___ SUPPLIED INFORMATION ___

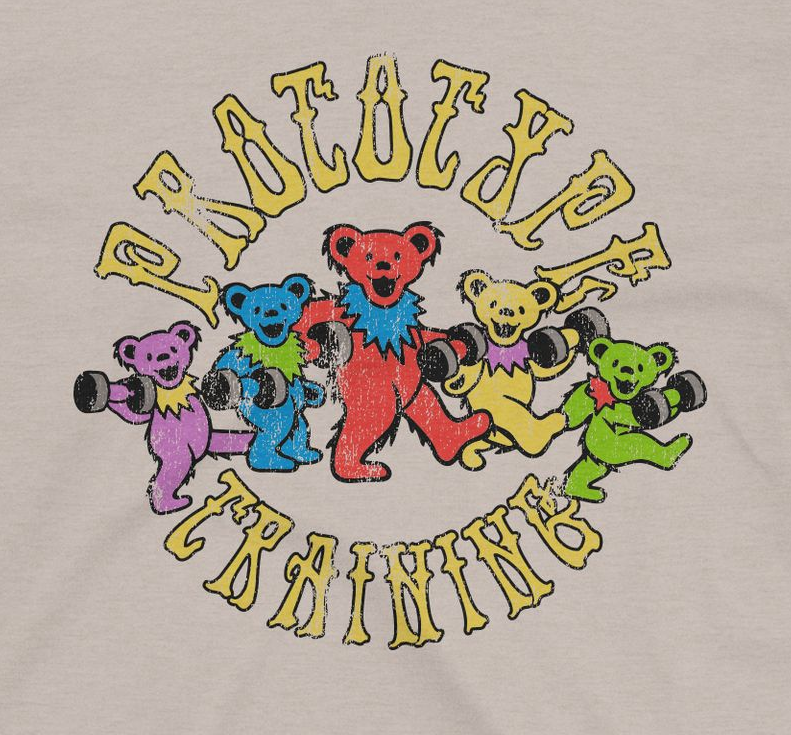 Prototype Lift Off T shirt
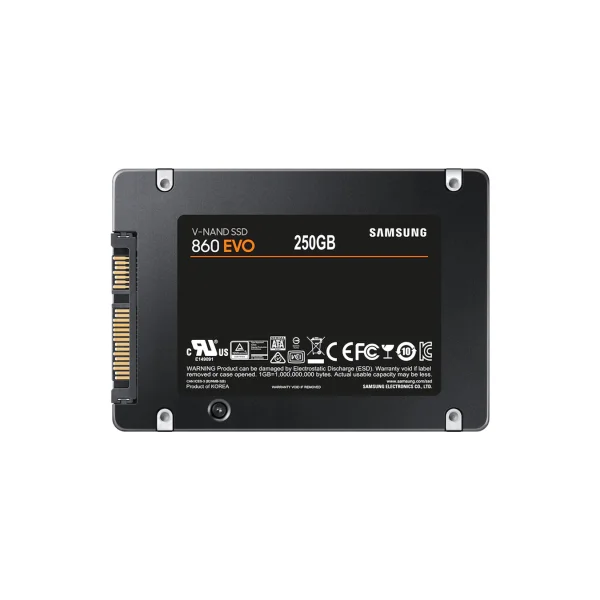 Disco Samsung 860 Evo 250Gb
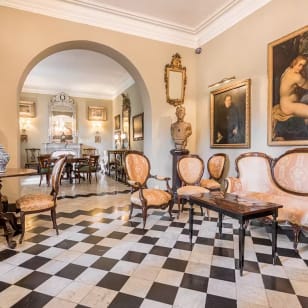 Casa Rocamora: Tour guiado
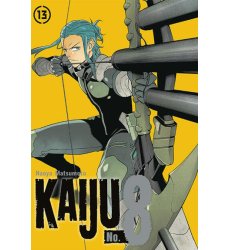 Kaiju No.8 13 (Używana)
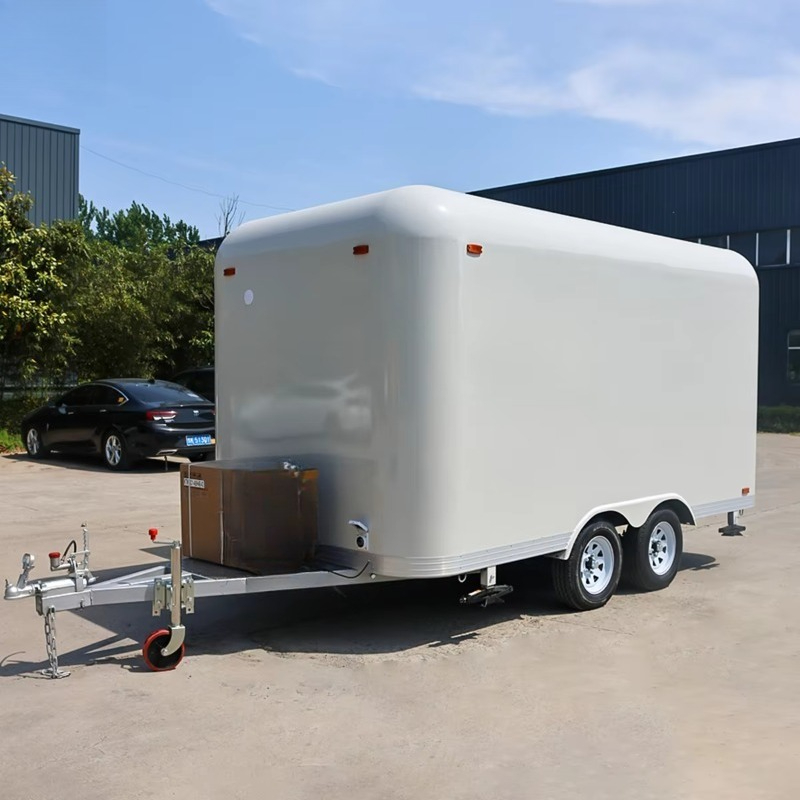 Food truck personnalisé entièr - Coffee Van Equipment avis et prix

___

● **EXERCISE DIRECTIONS**: Every record is to be reproduced exactly, with no pictures included.

● **ANSWER FOR THIS EXERCISE**:
 Prototype Lift Off T shirt
 Disco Samsung 860 Evo 250Gb
 Casa Rocamora: Tour guiado
 Kaiju No.8 13 (Używana)
 Food truck personnalisé entièr - Coffee Van Equipment avis et prix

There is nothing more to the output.